Posted by: Mark C. Chu-Carroll | September 15, 2006 10:35 AM

5

Wouldn't "data" in this case be an assembler convenience? It doesn't seem to need to be part of the instruction set if you drop the notational conveniences that allow reduced numbers of parameters (though I would guess those are assembler conveniences too).

That is, let's say that the SUBLEQ instruction is represented by zero hex. Let's also say that the very first word in a program is by definition the first instruction. Then we know that if the 4th word is zero then it's a SUBLEQ and otherwise it's data.
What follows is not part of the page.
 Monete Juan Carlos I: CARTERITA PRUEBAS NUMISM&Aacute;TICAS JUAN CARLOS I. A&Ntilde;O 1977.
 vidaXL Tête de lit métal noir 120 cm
Storing an actual zero (or whatever number we choose to indicate the instruction) might now require some convolutions to avoid storing it as data immediately after a SUBLEQ but that doesn't seem impossible.

Posted by: BMurray | September 15, 2006 1:33 PM

6

Thinking further, the data assembler instruction (distinct from the OISC!) would encapsulate whatever machinations you need to store zeroes in mod 4 == 0 positions.
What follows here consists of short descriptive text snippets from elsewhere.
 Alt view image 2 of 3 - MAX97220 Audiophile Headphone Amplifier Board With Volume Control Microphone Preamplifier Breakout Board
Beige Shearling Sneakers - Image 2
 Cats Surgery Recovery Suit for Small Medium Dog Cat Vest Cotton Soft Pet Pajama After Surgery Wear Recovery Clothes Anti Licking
Posted by: BMurray | September 15, 2006 1:35 PM

7

Mark, BMurray: You guys are both right, of course. I shouldn't have been so critical before the stimulants kicked in!

Also, Mark, I think that in this assembler, the register-always-holding-1 would be called "ONE" :), but I haven't done enough parsing of that interpreter yet to figure out how he's doing the text parsing yet (perhaps I'm being dense on this?). Anyay, if you ever get around to figuring out what he's going on about w.r.t. the eigenvalues/functions/ratios, I'd love to see an explanation of it.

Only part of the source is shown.